And thirdly, the coast of Eigg is simply fantastic to paddle!  All we now needed to decide was which side of Eigg to paddle; which is a great problem to have to deal with!  Really, the decision was very easy.  The west and south coasts are by far the most exposed to the prevailing weather and swell.  To be in position, with very light winds and a fairly benign swell was too good to miss - the west coast it would be.

At first it seemed that the mist would be burned off by the afternoon sunshine as we crossed the Bay of Laig

 But it soon rolled back in, shrouding the cliffs above us.  You might think that the mist would have detracted from paddling this wild coast, but in fact it added tremendously to the experience.

The cliff tops would sometimes be visible, sometimnes hidden.  All the time there was constant noise and energy from the low swell washing the bases of the rocks.

It is 12 kilomteres from the Bay of Laig to Galmisdale and there are absolutely no viable landing places.  This is a wild and utterly majestic stretch of coast and we were entranced by the sense of place and the shifting quality of light........ the mist created a "Dance of the Veils" effect along the cliffs.

Turning the corner to paddle along the south coast, we expected to feel some tidal movement against us but in fact felt almost nothing though we could see the tide moving further out.  We knew that Eigg's most prominent landmark, the mountain spur of An Sgurr was above us, but the mist kept it hidden for the time being.

Too soon, we paddled through the narrow channel between Eilean Chatasteil and Eigg to arrive at the old ferry slip at Galmisdale (no longer used for the ferry itself).  It had been one of the most remarkable and rewarding 12 kilometres either of us have ever paddled.  When added to the tour of Kinloch Castle in the morning and then the crossing from Rum to Eigg it all added up to a cracker of a day!

We were sorting out our boats at the top of the slip when a young lady came out and asked where we "the kayakers who are staying at Sue's"?  Word of our arrival had been passed, though there was uncertainty whether we'd arrive given the thick mist.  It turned out that Sue, the owner of the B & B, was working nearby in the community shop and would wait on to give us a lift up to Cleadale.  This was a kind gesture, and typical of the welcome we received on all the islands, and of the genuine interest in our journey.

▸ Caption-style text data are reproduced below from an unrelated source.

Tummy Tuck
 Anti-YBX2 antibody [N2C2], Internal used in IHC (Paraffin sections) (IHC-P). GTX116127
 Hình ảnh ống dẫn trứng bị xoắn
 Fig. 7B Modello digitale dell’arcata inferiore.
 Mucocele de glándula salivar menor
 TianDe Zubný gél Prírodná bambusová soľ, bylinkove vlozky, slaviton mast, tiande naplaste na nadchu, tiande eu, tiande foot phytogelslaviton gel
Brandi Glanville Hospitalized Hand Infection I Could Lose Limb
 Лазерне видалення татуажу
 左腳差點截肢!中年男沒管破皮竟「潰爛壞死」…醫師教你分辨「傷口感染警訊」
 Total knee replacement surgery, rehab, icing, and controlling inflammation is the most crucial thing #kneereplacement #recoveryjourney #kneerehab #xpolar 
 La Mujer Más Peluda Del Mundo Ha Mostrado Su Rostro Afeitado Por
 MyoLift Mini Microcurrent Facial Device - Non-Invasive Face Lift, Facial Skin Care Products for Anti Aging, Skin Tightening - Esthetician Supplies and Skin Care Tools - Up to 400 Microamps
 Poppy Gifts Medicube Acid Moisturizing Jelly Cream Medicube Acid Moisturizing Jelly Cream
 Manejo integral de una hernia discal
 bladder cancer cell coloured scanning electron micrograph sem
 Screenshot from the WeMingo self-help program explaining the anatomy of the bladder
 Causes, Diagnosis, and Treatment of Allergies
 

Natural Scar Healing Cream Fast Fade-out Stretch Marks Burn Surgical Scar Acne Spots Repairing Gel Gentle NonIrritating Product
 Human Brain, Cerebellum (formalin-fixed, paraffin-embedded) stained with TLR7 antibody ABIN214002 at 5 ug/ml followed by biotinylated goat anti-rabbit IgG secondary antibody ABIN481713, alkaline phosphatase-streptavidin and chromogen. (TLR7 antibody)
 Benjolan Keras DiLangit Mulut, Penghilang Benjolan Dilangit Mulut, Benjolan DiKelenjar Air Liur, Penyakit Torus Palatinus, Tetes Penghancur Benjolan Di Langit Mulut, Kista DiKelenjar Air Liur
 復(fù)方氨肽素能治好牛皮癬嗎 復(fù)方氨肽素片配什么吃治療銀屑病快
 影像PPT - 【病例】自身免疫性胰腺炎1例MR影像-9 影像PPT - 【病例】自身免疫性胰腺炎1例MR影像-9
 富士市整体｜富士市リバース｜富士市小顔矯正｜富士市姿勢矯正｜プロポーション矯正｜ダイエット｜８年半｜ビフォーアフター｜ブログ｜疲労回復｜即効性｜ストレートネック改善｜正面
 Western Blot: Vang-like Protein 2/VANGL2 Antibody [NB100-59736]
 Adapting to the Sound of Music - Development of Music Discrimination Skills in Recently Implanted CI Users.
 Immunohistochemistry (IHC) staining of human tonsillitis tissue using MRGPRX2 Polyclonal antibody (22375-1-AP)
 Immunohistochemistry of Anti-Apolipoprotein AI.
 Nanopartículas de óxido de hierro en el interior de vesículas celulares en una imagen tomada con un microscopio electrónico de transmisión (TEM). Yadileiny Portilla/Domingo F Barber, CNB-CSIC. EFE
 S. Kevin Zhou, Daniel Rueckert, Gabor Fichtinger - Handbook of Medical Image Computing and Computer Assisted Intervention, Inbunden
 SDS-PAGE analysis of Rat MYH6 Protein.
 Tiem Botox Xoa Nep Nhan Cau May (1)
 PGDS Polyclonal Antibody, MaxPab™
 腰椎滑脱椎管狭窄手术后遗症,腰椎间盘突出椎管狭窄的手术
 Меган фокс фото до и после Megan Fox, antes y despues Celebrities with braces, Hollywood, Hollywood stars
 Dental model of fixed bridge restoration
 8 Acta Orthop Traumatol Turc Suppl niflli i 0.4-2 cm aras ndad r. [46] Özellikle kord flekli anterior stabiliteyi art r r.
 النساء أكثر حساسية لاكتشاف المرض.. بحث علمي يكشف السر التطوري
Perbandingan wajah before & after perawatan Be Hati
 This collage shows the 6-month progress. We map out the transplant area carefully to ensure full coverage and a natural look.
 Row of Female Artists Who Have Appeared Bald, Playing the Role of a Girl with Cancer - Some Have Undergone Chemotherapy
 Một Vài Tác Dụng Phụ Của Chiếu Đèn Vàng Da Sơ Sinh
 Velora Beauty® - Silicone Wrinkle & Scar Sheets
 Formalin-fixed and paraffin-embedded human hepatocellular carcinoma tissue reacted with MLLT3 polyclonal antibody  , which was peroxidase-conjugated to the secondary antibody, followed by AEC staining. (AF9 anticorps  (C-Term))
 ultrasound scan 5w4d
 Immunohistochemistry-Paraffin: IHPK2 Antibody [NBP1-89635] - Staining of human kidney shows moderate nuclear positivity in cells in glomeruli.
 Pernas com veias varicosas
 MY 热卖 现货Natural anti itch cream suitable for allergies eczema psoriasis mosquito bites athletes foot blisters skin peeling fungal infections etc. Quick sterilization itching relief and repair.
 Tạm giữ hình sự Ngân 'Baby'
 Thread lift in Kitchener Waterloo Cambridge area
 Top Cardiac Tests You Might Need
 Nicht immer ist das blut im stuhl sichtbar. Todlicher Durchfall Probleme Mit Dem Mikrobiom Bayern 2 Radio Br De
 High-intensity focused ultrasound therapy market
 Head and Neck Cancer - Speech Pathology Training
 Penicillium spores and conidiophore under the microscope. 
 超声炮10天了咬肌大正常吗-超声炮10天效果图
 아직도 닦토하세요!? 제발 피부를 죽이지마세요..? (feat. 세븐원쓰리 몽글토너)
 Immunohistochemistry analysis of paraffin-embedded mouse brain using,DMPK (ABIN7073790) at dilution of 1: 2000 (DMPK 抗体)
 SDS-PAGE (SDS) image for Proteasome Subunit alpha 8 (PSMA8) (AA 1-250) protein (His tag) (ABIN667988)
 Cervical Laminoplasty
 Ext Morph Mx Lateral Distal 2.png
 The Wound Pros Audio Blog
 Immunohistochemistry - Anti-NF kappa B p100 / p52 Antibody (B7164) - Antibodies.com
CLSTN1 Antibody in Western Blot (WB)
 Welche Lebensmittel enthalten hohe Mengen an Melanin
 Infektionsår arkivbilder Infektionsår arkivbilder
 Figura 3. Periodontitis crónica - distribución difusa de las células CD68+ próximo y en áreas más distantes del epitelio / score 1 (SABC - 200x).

We walked up to meet Sue and were soon driving over the hill to Cleadale.

Wednesday 27 March 2013

An misty crossing from Rum to Eigg

 It was mid morning by the time we were preparing to get back on the water after our brief look at Kinloch Castle.  We also chatted briefly to Sandy, who with his wife Fliss runs a small craft shop.  Sandy is also a master furniture maker, designing and constructing beautiful pieces from wood sourced on the island.  When we mentioned the Eigg B & B we'd be staying in he was able to tell us that he'd made the beds we'd be sleeping in - another nice coincidence!

The morning was very misty and calm as we paddled out of Loch Scresort and turned south down the coast of Rum.  Our timing was good - the ebb tide would be running our way and would give some assistance, though we'd need to take account of it during our crossing to Eigg later.

Near the mouth of Loch Scresort are some of the remains of a settlement at Port-na-Caranean; Rum was subject to Clearances as many parts of the Highlands and Islands were.  The population of the island in 1795 was recorded as 443 people; in 1800 the island was leased to one Lachlan MacLean of Coll who wanted to use the land to graze sheep.  By 1826 the population had been reduced to 50 people by forced clearance and the majority of these were removed by 1828.  MacLean diverted a couple of families of MacLeans who were themselves being cleared from Skye to act as shepherds.  The ruins here are the remains of the houses they built on the shore.

Initially these just looked like another "rickle o' stanes", but a closer look showed us that the site had been chosen with care.  Two sills of rock reached out from the shore and the beach between had been cleared of stones to make a boat "noust".  It's probable that this work predated the MacLean shepherds by hundreds, if not thousands of years and shows that sites were frequently re-used.  Heavy seas have moved stones back into the noust, but the site is clearly visible still.

The price of mutton fell dramatically in 1839 and MacLean sold the island to the Marquis of Salisbury in 1850, who reduced sheep numbers and vastly increased the numbers of deer in order to convert the island to a shooting estate.  Port-na-Caranean was abandoned in the same year, some of the people moved to Kinloch and others left the island altogether.  The population has ebbed and flowed since then with the fortunes of the sporting estate.  There was dramatic change after World War I, and under SNH ownership together with the Isle of Rum Community Trust the current population is a little less than 40.  The future seems good for the island and its people though - we mostly found folk optimistic about opportunities and the way forward for the community.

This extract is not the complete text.